Listed entries:
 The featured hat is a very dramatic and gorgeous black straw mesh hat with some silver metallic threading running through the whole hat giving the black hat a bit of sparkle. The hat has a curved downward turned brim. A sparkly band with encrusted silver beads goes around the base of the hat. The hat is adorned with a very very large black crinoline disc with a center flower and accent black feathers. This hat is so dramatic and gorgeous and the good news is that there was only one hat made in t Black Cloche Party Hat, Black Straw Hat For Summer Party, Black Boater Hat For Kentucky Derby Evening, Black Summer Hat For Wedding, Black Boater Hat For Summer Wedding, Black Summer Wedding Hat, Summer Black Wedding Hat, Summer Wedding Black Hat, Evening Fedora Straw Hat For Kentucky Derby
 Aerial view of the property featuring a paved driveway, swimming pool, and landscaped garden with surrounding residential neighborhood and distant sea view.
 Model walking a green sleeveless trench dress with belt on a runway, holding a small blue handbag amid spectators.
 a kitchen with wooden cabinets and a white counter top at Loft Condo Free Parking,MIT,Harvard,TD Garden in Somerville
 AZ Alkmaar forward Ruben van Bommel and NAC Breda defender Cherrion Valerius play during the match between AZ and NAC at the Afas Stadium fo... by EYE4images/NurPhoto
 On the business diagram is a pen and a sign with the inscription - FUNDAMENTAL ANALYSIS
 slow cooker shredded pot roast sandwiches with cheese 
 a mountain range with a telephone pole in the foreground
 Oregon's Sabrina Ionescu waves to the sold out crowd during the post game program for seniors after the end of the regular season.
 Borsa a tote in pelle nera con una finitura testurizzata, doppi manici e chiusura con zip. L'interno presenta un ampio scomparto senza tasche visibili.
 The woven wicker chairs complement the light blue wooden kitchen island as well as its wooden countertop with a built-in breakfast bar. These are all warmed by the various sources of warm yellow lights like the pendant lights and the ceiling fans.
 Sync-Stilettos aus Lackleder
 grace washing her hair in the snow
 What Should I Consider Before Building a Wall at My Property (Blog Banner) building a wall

Brief: Could you copy out all the material word for word?

Task solution:
 The featured hat is a very dramatic and gorgeous black straw mesh hat with some silver metallic threading running through the whole hat giving the black hat a bit of sparkle. The hat has a curved downward turned brim. A sparkly band with encrusted silver beads goes around the base of the hat. The hat is adorned with a very very large black crinoline disc with a center flower and accent black feathers. This hat is so dramatic and gorgeous and the good news is that there was only one hat made in t Black Cloche Party Hat, Black Straw Hat For Summer Party, Black Boater Hat For Kentucky Derby Evening, Black Summer Hat For Wedding, Black Boater Hat For Summer Wedding, Black Summer Wedding Hat, Summer Black Wedding Hat, Summer Wedding Black Hat, Evening Fedora Straw Hat For Kentucky Derby
 Aerial view of the property featuring a paved driveway, swimming pool, and landscaped garden with surrounding residential neighborhood and distant sea view.
 Model walking a green sleeveless trench dress with belt on a runway, holding a small blue handbag amid spectators.
 a kitchen with wooden cabinets and a white counter top at Loft Condo Free Parking,MIT,Harvard,TD Garden in Somerville
 AZ Alkmaar forward Ruben van Bommel and NAC Breda defender Cherrion Valerius play during the match between AZ and NAC at the Afas Stadium fo... by EYE4images/NurPhoto
 On the business diagram is a pen and a sign with the inscription - FUNDAMENTAL ANALYSIS
 slow cooker shredded pot roast sandwiches with cheese 
 a mountain range with a telephone pole in the foreground
 Oregon's Sabrina Ionescu waves to the sold out crowd during the post game program for seniors after the end of the regular season.
 Borsa a tote in pelle nera con una finitura testurizzata, doppi manici e chiusura con zip. L'interno presenta un ampio scomparto senza tasche visibili.
 The woven wicker chairs complement the light blue wooden kitchen island as well as its wooden countertop with a built-in breakfast bar. These are all warmed by the various sources of warm yellow lights like the pendant lights and the ceiling fans.
 Sync-Stilettos aus Lackleder
 grace washing her hair in the snow
 What Should I Consider Before Building a Wall at My Property (Blog Banner) building a wall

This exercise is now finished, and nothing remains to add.